Des propos peu écoutés

Après différentes interventions, le micro revient vers Ibn Ziaten. Sa deuxième est emplie de colère, malgré une voix toujours douce. Latifa Ibn Ziaten évoque des réalités sociales dures qui, selon elle, facilitent la radicalisation des jeunes, notamment l’embrigadement en prison, déjà abordé par d’autres.

« Ils vivent dans une jungle violente », assène-t-elle à un public qui méconnaît les réalités carcérales. « La première fois que je suis allée dans une prison, j’ai posé des questions sur les règles… Je suis ressortie en disant que ce n’était pas possible, qu’il fallait changer ces règles. » Ibn Ziaten côtoie des puissants, mais n’hésite pas à s’opposer.

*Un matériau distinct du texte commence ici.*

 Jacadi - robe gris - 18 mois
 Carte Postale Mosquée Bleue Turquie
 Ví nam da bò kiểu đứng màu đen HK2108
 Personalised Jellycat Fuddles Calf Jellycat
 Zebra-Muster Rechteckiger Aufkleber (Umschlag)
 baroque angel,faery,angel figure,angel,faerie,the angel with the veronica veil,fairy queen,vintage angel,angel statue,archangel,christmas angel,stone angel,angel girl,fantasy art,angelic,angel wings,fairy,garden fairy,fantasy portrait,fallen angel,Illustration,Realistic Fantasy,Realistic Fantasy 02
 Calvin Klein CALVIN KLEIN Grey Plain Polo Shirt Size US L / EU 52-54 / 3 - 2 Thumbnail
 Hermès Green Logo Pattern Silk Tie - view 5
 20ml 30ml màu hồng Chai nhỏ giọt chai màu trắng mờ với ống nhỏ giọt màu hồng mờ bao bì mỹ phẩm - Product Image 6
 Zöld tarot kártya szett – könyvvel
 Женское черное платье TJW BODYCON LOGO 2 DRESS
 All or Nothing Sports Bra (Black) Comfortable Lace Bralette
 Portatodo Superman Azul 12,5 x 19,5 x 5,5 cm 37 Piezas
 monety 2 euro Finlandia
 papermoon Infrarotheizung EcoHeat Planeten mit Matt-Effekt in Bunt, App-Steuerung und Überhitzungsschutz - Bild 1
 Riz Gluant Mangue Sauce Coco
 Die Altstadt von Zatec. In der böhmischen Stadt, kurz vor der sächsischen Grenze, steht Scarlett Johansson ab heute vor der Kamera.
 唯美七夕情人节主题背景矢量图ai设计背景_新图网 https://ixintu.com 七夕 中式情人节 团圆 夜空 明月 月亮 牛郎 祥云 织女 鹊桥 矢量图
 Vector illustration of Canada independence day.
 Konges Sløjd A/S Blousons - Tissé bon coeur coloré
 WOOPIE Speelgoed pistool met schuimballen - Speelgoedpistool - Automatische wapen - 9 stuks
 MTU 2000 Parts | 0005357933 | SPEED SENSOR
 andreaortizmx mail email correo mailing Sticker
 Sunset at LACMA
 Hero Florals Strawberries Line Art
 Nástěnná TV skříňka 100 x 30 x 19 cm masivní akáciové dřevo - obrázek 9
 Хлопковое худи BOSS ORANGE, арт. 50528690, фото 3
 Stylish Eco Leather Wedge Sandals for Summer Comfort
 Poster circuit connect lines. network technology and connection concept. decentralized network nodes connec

Vos propos sont justes mais aujourd’hui, ils sont marginalisés, peu écoutés

Une intervention qui a poussé le professeur mauritanien et ancien ministre mauritanien des Affaires étrangères, Mohamed Mahmoud Ould Mohamedou, à réagir.

« Vos propos sont justes mais aujourd’hui, ils sont marginalisés, peu écoutés. Le terrorisme est un problème social. Demander aux gens d’ouvrir le Coran pour comprendre la dynamique d’Al Qaïda est un contresens méthodologique. Ce que nous devons faire aujourd’hui, c’est ce dont vous parlez : reconstruire des cheminements, trouver les moments de rupture dans le parcours des jeunes qui rejoignent des mouvements terroristes », conclut l’auteur de plusieurs ouvrages dédiés au terrorisme jihadiste, dont le fameux Understanding Al Qaeda: Changing War and Global Politics.